After a morning lecture introducing a range of our projects to the 11 participants of Curating Lab 2014, we proposed a challenging exercise: to define a succinct "about us" paragraph for three imaginary institutions. (Named after the first three Pacific hurricanes of the 2014 season, no less.) Following the root of word "institution" (to establish, to set up), the task was not an architectural challenge nor a branding exercise, but one that first asked what practices are imagined to be initiated, how programmes are established and for whom are they set up.

Participants took into account the parameters we described for each of three art-institution typologies – a residency/studio programme; an annual festival and a commissioning body. After a one-hour brainstorm within each group, participants came up with a paragraph that concisely communicated the "vision and values" of the new entities, responding to "what we do, how do we do it and why we do it that way".

The task wasn't oriented towards building a "business plan", though an integral part involved consideration of funding models, and who or what has a stake in the imagined organisation – city/state, philanthropists/donors, users/members/tickets, prizes/open calls, etc. We didn't expect job descriptions, but participants were encouraged to consider what kind of roles the staff within the imaginary institution might take up – would it have a core full-time team or occasional collaborators? What skills or roles would be taken up across curating, producing, publishing, researching, hosting, leadership, and so on?

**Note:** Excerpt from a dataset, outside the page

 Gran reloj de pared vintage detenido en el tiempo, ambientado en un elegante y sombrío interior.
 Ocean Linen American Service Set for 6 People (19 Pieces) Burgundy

The exercise was not to come up with a pitch to potential supporters (i.e. in future tense), but to exercise imagination in the present and to define what an organisation stands for and actually does in a succinct way. The aim was to think holistically about their "pet" organisation, its different programme strands and its relation to its local/international network.

1. CRISTINA – A residency/studio programme


"Cristina provides residential, and studio facilities for national and international artists. It is based in several live/work spaces and as yet undefined rooms in a former school building in a small town on a remote island in an area of outstanding natural beauty. It is a day's travel to the nearest city. The local community of 800 people are mostly involved in fishing and farming."


2. AMANDA – An annual festival


"Amanda is an event-based format and is based in a major densely-populated prosperous city with a strong corporate and media culture as well as several world-renowned museums,  contemporary art centres and universities. The events take place in a specific block of time and involve organised, extended presentations and places for viewing them."

3. BORIS A commissioning body


"Boris invites artists to make temporary artworks in public spaces and locations that are not galleries or museums. It is based in a provincial port city that used to have a thriving economy based on heavy industry. The city is suffering from high unemployment, there are many abandoned buildings and wastelands."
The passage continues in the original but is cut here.